Durante su segunda estadía en Estados Unidos (mayo de 1865 a 1868), en que le tocó conocer el período más militante de la llamada Reconstrucción del sur (inmediatamente después del término de la Guerra Civil y del asesinato de Lincoln), Sarmiento elogiaba las labores de la Asociación de Ayuda para los Libertos. Este era un grupo filantrópico de blancos en el norte de USA que se dedicaba a establecer escuelas para libertos en el sur con el fin de «instruirlos en el deber, y hacerlos útiles» y, por si acaso el estado decidía concederles a los hombres negros el sufragio, con el fin de que tuvieran «ciencia y conciencia de sus actos» («Educación» 234). En Washington, D.C., en Nueva York, y en Boston, Cambridge y Concord, el Ministro Plenipotenciario en Estados Unidos -nombrado para representar el nuevo gobierno nacional de la Argentina- entraba en contacto no sólo con Eduardo F. Davison, cónsul argentino en Nueva York y miembro de la Comisión Ejecutiva de la Asociación de Ayuda para los Libertos; entraba en contacto además con toda la oficialidad norteamericana que recién salía triunfante de la guerra. Aprovechando su amistad ya establecida con Mary Mann (viuda de Horace Mann), se enorgullecía de tratar con intelectuales estadounidenses de la talla del abolicionista y filósofo transcendentalista Ralph Waldo Emerson. Lo escrito por Sarmiento en esta época -que incluye su Introducción a una Vida de Abraham Lincoln- tendría que estar, juzgado desde un punto de vista contemporáneo, entre lo menos teñido de racismo que Sarmiento produjera sobre el negro durante su larga carrera de escritor7. En estos artículos y cartas desaparece la distinción que el autor manejaba en el Brasil en 1846 (aunque no en Chile apenas un año antes): la del mulato como un ser diferente de y superior al negro «puro». En lo escrito desde USA durante la Reconstrucción, parece que no le importa a Sarmiento la cuestión de la pureza de la sangre africana.
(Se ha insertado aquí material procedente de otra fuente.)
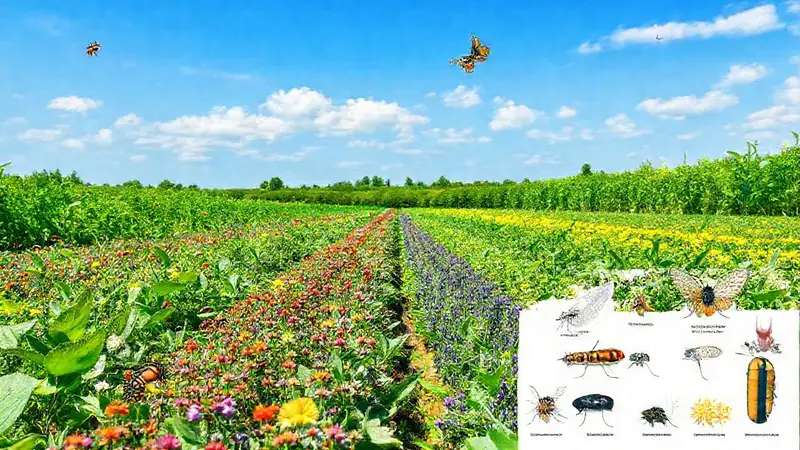 Campo vibrante con cultivos y diversidad ecológica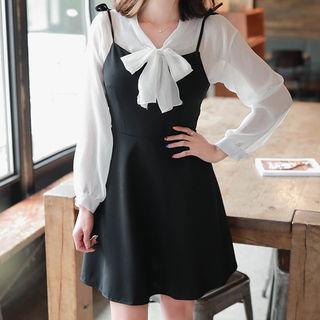 Set: Tie-neck Sheer Blouse + Tie-shoulder Flare Minidress Black - One Size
En los años sesenta, Sarmiento calcula que EE.UU. tiene cuatro millones de negros. Para 1883, le calcula un millón más:

[...] la independencia de la raza blanca eliminó la raza negra en toda la extensión del continente, mientras sólo queda libre en los Estados Unidos, en número de cinco millones, después de una guerra social; en La Habana queda esclava, después de un supremo y malogrado esfuerzo de la raza blanca criolla para emanciparse [Se refiere a la Guerra de Diez Años, de 1868 a 1878], y esclavos quedan en el Brasil los negros que hoy existen, sin transmisión de la servidumbre a sus hijos (I, 64).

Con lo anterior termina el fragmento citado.